Here's an interesting paper, discussed in this editorial. Many cancer cells use glucose as their primary fuel. Under the hypoxic conditions, in the centre of a tumour mass, there is often a region where glycolysis is the only source of ATP with lactic acid as the main end product. This is quite old news, going back to Warburg and the concept of using low blood glucose to suppress tumour growth.
However, lactate is not a waste product. Lactate is an energy rich molecule which can be converted to pyruvate and so enter the mitochondria to generate a bucket load of ATP, given some oxygen. In fact there is a school of thought which suggests that brain neurons do not use glucose at all, glucose is converted to lactate by the astrocytes and it is lactate which feeds directly in to the neuronal mitochondria via pyruvate. It's controversial.
So lactate with oxygen is a potent combination for ATP generation. Oxygenated cancer cells burn lactate. They appear to love it. So the central anaerobic core generates lactate from glucose and the rest of the tumour feeds on lactate, so long as oxygen is present.
Lactate is taken up in to cells via the MCT1 transporter (mono carboxylate 1, it's a transporter for very small fatty acids, lactate being one of several). Inhibiting this transporter is bad news for lactate burning cancer cells and there are a number of drugs being developed along these lines.
What seems to happen when you block MCT1 is that the aerobic external layers of the tumour are suddenly deprived of lactate. They then turn to glucose for fermentation and in doing so deprive the anaerobic core of that particular source of usable energy. The cells in the anaerobic core die.
In the aerobic bulk of the tumour glucose can be burned via pyruvate in the mitochondria and there is no need for lactate production.
However lowering plasma glucose level when there is no longer any lactate available might provide a tool to use against this area of the tumour.
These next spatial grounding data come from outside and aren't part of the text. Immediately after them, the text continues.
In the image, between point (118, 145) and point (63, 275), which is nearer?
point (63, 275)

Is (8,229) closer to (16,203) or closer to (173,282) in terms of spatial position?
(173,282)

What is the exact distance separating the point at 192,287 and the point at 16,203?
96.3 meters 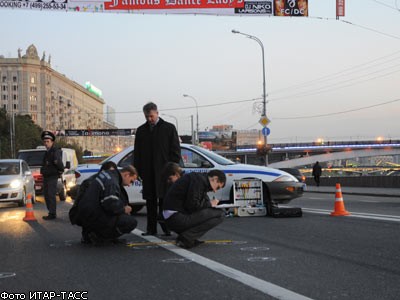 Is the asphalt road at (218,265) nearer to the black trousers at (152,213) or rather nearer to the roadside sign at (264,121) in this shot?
the black trousers at (152,213)

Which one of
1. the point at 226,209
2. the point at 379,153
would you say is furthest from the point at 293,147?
the point at 226,209

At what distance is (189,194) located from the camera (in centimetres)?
677

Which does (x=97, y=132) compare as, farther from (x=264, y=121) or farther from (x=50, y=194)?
(x=50, y=194)

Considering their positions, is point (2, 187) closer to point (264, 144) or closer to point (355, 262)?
point (355, 262)

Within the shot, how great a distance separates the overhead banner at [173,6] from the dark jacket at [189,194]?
45.5ft

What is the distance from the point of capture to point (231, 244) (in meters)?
7.21

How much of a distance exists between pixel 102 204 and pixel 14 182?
10.1 metres

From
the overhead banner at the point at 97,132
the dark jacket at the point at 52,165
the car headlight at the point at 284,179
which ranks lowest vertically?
the car headlight at the point at 284,179

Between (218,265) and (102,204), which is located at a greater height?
(102,204)

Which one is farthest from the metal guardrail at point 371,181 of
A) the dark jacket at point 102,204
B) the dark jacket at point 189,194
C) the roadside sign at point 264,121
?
the dark jacket at point 102,204

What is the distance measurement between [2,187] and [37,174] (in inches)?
238

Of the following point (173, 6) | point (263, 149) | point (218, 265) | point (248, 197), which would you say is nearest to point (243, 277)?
point (218, 265)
There is a very strong suggestion, certainly in rat brains, that ketone bodies inhibit the use of lactate. That's a physiological MCT1 inhibitor. Ketosis is usually (but not quite always) associated with low blood glucose levels. It is also associated with increased methylglyoxal production, an inhibitor of glycolysis.
So ketosis appears to provide the triple tools of MCT1 inhibition, glucose deprivation and glycolysis inhibition.
If it doesn't work against cancer, it should!
I hope Dr Fine has some success in his RECHARGE trial.